▸ **ENTRIES SUPPLIED**
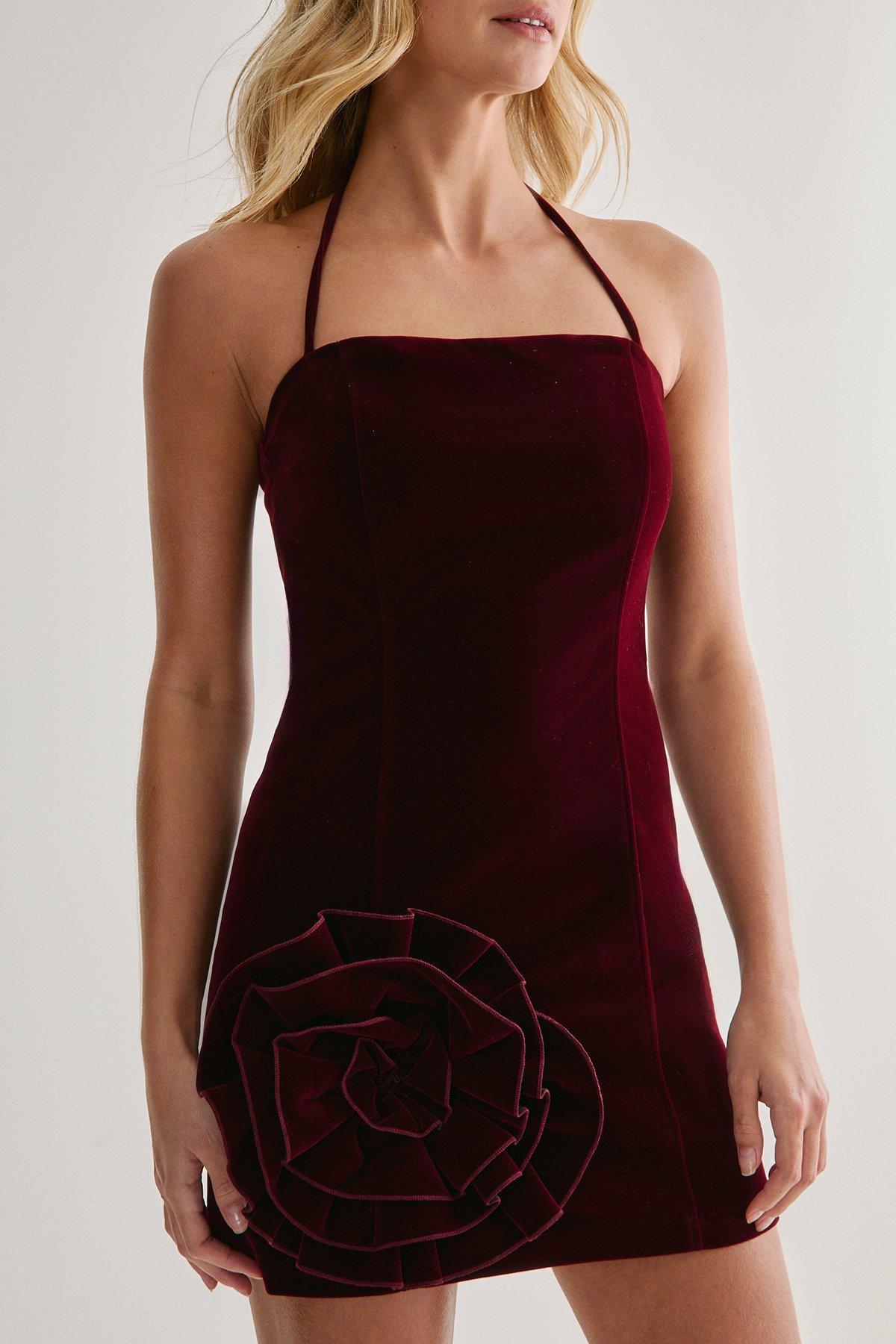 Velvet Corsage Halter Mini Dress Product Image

...

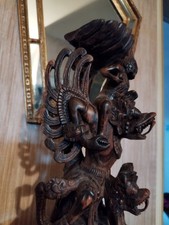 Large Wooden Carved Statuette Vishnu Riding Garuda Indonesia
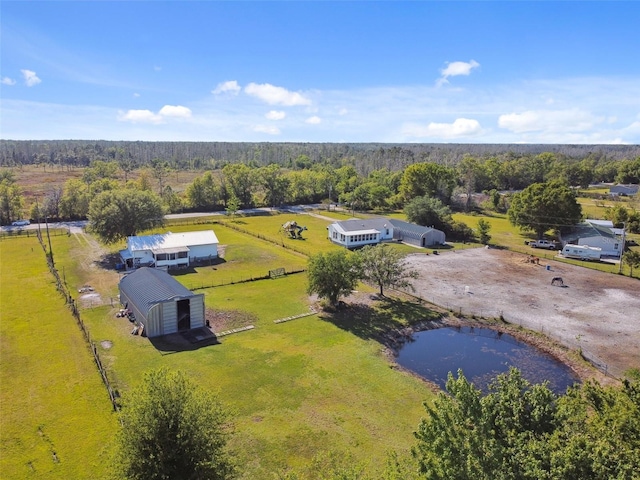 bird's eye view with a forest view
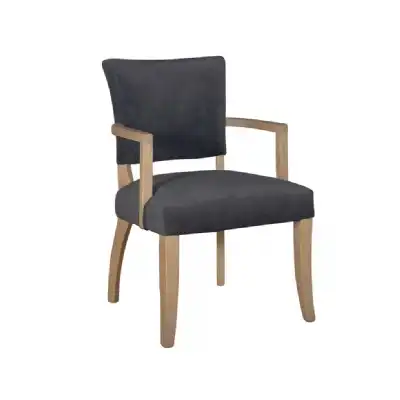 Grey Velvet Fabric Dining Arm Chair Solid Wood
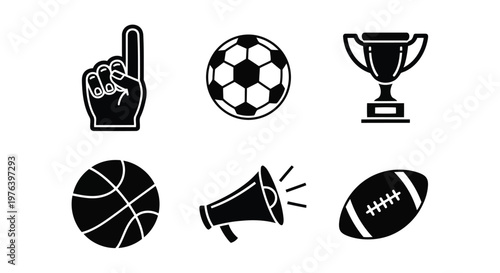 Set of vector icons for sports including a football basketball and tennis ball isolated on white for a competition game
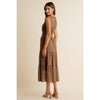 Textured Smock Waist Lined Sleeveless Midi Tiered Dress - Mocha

▸ **ASSIGNMENT**
For the data above, set down exactly the lines from the line with "Large Wooden Carved" to the line with "Textured Smock Waist", both included, leaving pictures out.

▸ **RESPONSE TO THE EXERCISE**
 Large Wooden Carved Statuette Vishnu Riding Garuda Indonesia
 bird's eye view with a forest view
 Grey Velvet Fabric Dining Arm Chair Solid Wood
 Set of vector icons for sports including a football basketball and tennis ball isolated on white for a competition game
 Textured Smock Waist Lined Sleeveless Midi Tiered Dress - Mocha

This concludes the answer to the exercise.